__THE PROBLEM__. Everything from the line holding "Building Photo - 3Bd/1.75Ba Bellevue House" to the last line of the material below must be retyped exactly, minus any pictures.

-------

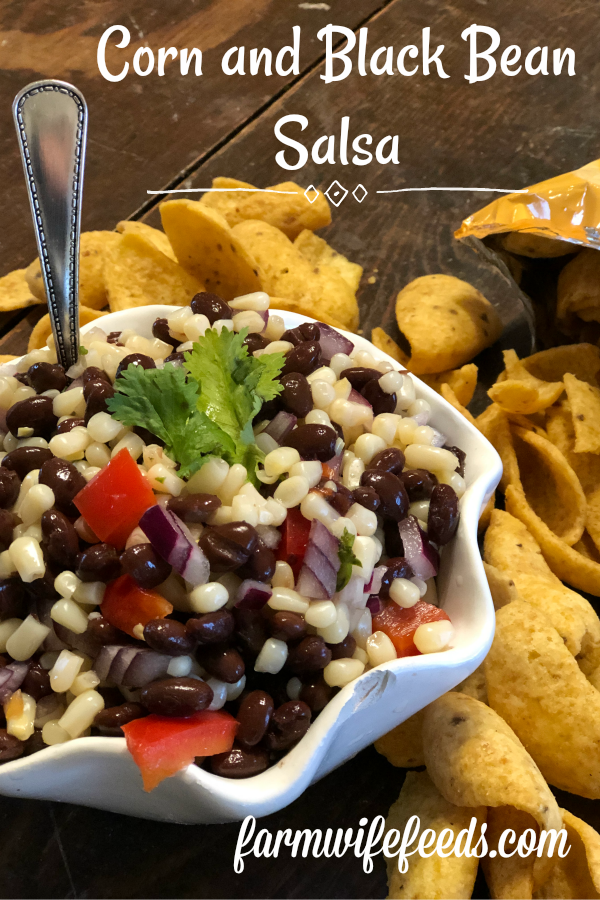 Corn and Black Bean Salsa from Farmwife Feeds is a great taste combination using shoe peg corn. #salsa #recipe #blackbeans #corn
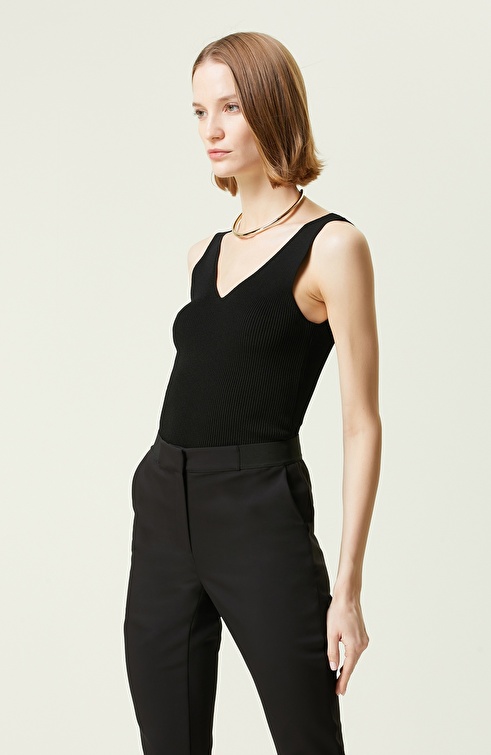 Black Strap Knitwear Singlet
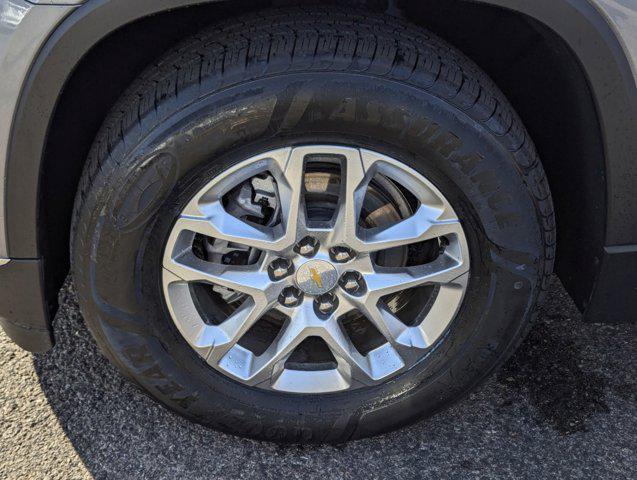 used 2021 Chevrolet Traverse car, priced at $32,999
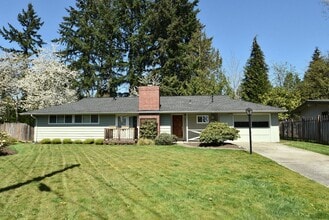 Building Photo - 3Bd/1.75Ba Bellevue House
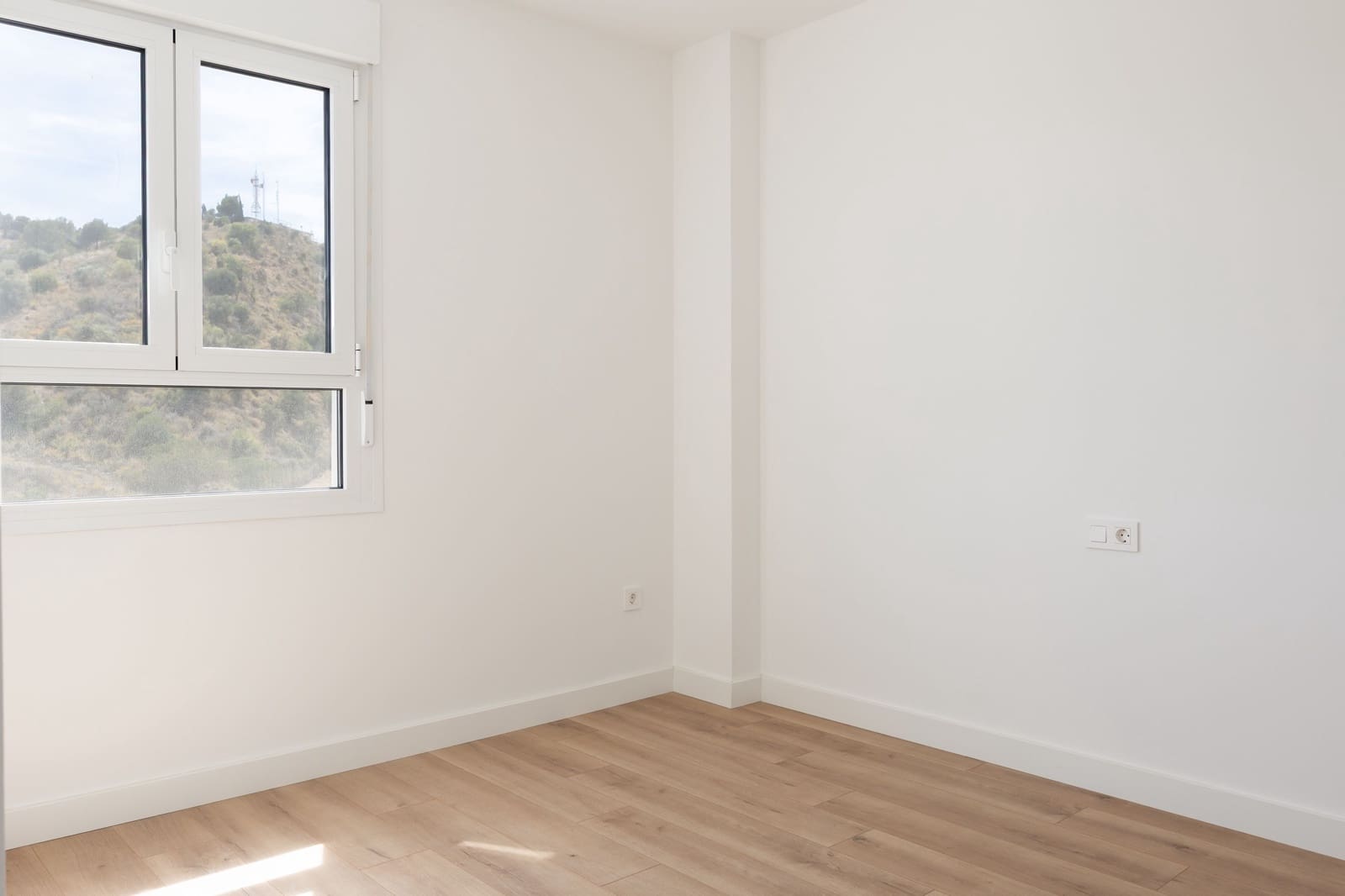 2 soveværelse Lejlighed til salg i Malaga by med swimmingpool - € 669.000 (Ref: 9883749)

-------

__COMPLETED TASK__.
 Building Photo - 3Bd/1.75Ba Bellevue House
 2 soveværelse Lejlighed til salg i Malaga by med swimmingpool - € 669.000 (Ref: 9883749)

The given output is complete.